Tuesday 18 November 2014

More than a shirt

I don't often talk hot-button topics on here (I prefer safe topics, like books. In the whole of human history, I can’t recall one instance where books have ever caused trouble), but something happened this week which stuck in my craw (yes, I have a craw, it's where I store all my repressed rage).

Dr Matt Taylor, part of the Rosetta mission team, was interviewed wearing a shirt that depicted numerous women wearing decidedly un-numerous clothing. This sparked condemnation of the 'sexist' shirt, followed by a predictable counterlash defending Dr Taylor and his choice of shirt and lamenting the 'oversensitive nature' of (variously): social justice warriors, feminists, offence-seekers, and the brigade of political correctionist fun-ruiners.

I have seen three main points of complaint against shirt-based criticism:
1) The backlash and its effect on Taylor (he later apologised in tears) was excessive and overly harsh
2) The shirt is not a big deal—there are more important things to focus on
3) The shirt is not sexist

1) Was the backlash too harsh?
Probably. This big scary beast we call the 'internet' is capable of many beautiful and terrifying things; it speaks with many voices, which sometimes resolve to the buzzing of a thousand angry flies. I don't like the ‘net mob mentality, but the discussion does not end with the condemnation how the criticism was presented. We can condemn his treatment without dismissing the issues raised. This is no longer about Matt Taylor, nor his shirt.

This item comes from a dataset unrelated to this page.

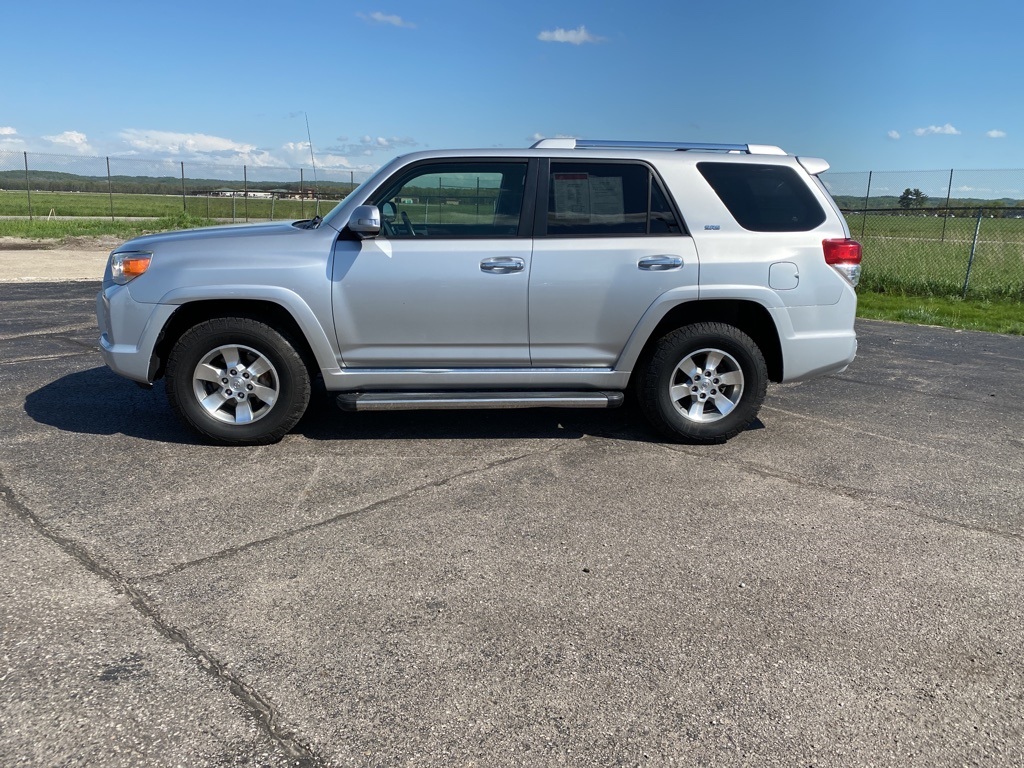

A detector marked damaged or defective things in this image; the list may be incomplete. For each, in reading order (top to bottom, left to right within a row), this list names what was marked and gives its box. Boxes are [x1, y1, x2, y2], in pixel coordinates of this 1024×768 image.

2) ‘The shirt is not a big deal’
This comment is stupid. Whatever the topic, it always appears. 
'Why are people wasting time talking about the shirt? We just landed a robot on a frickin' asteroid.'
'Why are we wasting money landing on a stupid asteroid? We should spending that money to build robots with famine-blasting lasers.' 
'Why are we wasting money on lasers that can only solve world hunger? We should be trying to stop the thing that really matters—the inevitable heat-death of the universe? Why does no-one care about that?'
It’s an inherently pointless argument that gets thrown up all the time (literally regurgitated like the indigestible garbage that it is). It's reductive. If you concede to that logic, you can dismiss anything on the grounds that there's always a bigger fish in need of frying.

Most of all, it bothers me that people think there are a finite amount of fucks we can give, so we better spend them wisely. If that were true (spoiler warning: it isn't), I’d suggest not wasting any listening to people who offer that opinion (incidentally, the same applies for anyone who unironically uses the term 'social justice warrior' or 'feminazi'). We can hold many discordant ideas about many different things at once. It's one of my favourite things about people. Our concern is not zero-sum.

3) ‘The shirt isn't sexist’
This is the roiling meat at the centre of the issue. Much of the commentary on the topic (particularly in the mainstream media) made little attempt to characterise why the shirt is sexist. Even those taking the stance that it is largely focussed on the implications and wider impact—for example, on women in STEM fields. To be clear: that's really bloody important and relevant, but it’s not what this post is about. For me, that narrative skipped a step, which left some people behind.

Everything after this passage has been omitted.